------ Input ------

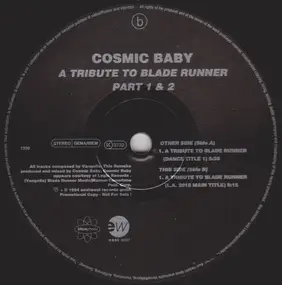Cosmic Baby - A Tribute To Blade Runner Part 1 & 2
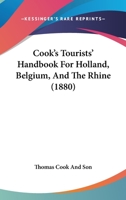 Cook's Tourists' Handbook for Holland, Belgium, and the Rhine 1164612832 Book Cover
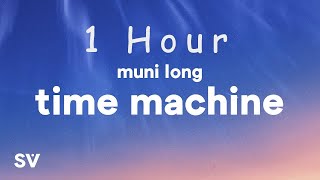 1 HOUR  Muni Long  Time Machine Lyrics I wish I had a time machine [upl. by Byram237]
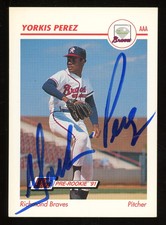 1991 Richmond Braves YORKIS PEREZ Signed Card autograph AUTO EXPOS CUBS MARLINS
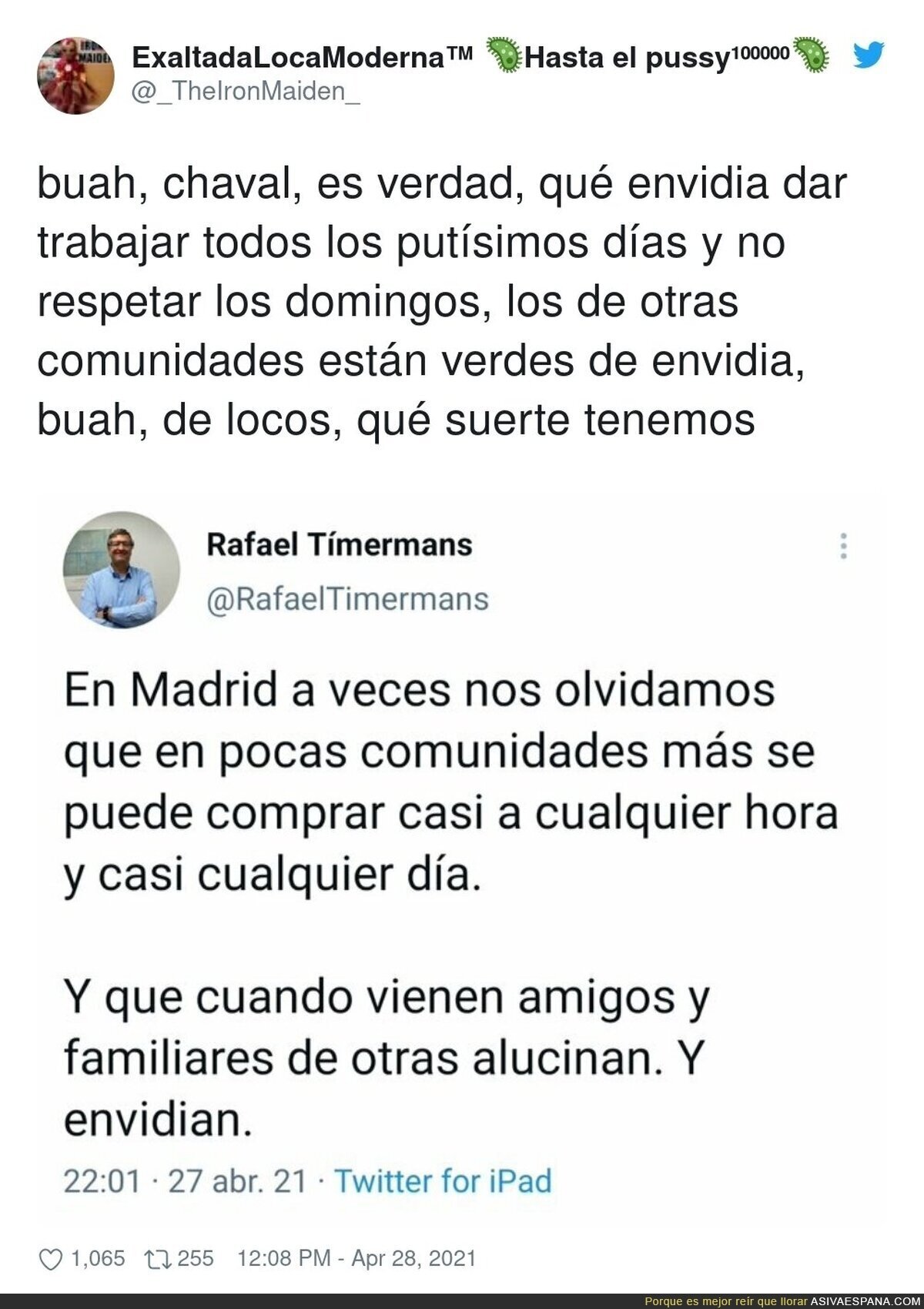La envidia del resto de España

------
------ Input ------

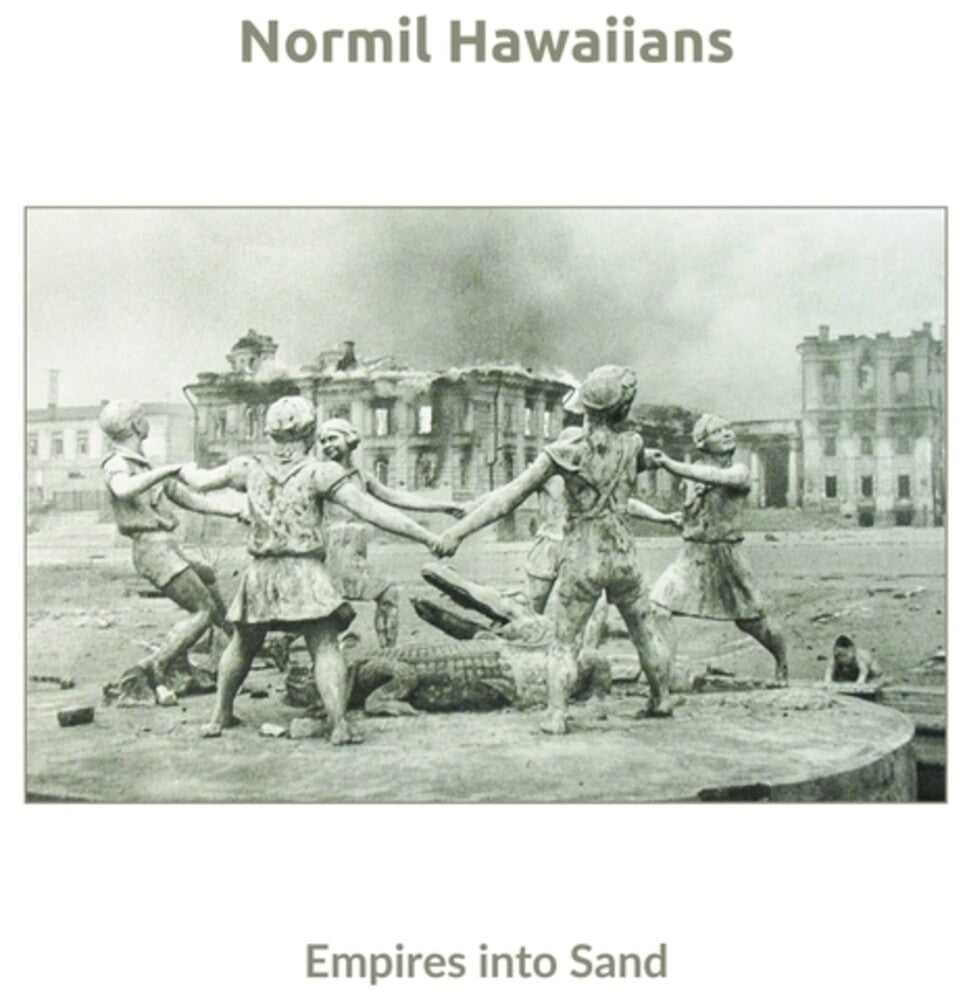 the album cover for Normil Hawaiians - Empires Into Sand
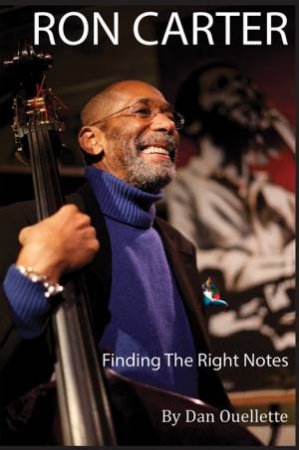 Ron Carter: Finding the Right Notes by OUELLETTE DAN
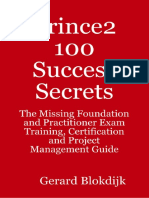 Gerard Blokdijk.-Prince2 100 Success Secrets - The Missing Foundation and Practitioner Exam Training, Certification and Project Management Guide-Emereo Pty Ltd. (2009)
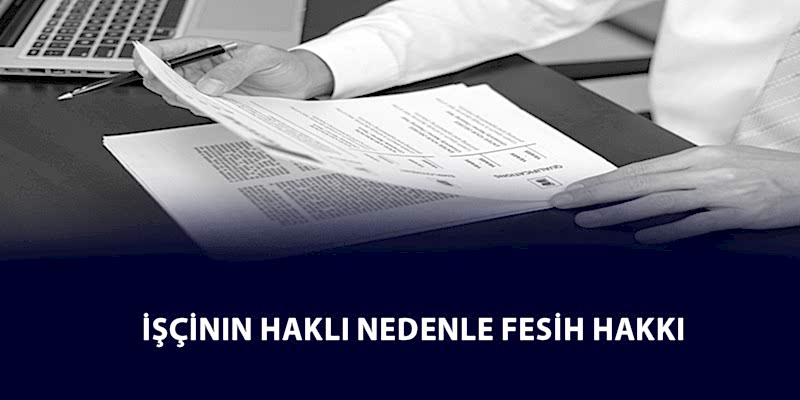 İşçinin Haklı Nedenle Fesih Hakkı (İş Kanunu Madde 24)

------
------ Input ------

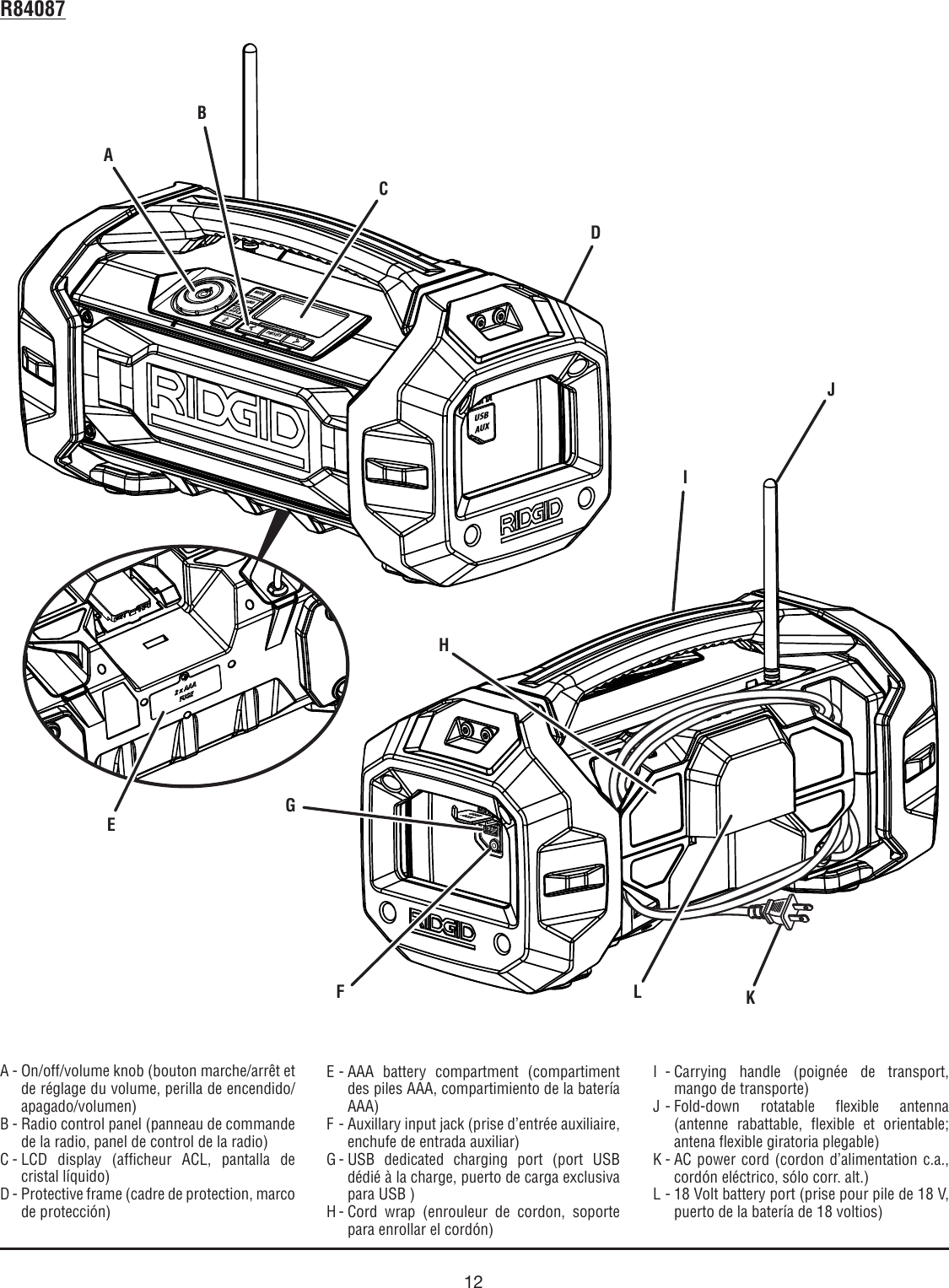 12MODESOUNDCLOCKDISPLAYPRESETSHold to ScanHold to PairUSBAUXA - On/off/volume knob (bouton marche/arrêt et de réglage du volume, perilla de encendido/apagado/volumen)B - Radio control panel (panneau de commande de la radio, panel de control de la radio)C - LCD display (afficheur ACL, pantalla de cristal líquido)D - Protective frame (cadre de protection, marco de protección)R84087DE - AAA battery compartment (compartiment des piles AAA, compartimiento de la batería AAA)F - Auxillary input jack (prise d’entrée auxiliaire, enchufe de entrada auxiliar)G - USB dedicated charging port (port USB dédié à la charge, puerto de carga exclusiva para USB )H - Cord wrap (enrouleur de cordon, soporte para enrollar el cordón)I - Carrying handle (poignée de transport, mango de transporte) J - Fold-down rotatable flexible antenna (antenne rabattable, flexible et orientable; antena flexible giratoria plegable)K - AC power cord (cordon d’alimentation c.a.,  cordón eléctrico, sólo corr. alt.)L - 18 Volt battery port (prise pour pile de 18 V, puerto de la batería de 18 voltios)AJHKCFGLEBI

------

**The task:**
Copy exactly the part of the material above that opens with the line containing "Gerard Blokdijk.-Prince2 100" and closes with the line containing "İşçinin Haklı Nedenle", ends included. Drop the images.

**Expected answer:**
 Gerard Blokdijk.-Prince2 100 Success Secrets - The Missing Foundation and Practitioner Exam Training, Certification and Project Management Guide-Emereo Pty Ltd. (2009)
 İşçinin Haklı Nedenle Fesih Hakkı (İş Kanunu Madde 24)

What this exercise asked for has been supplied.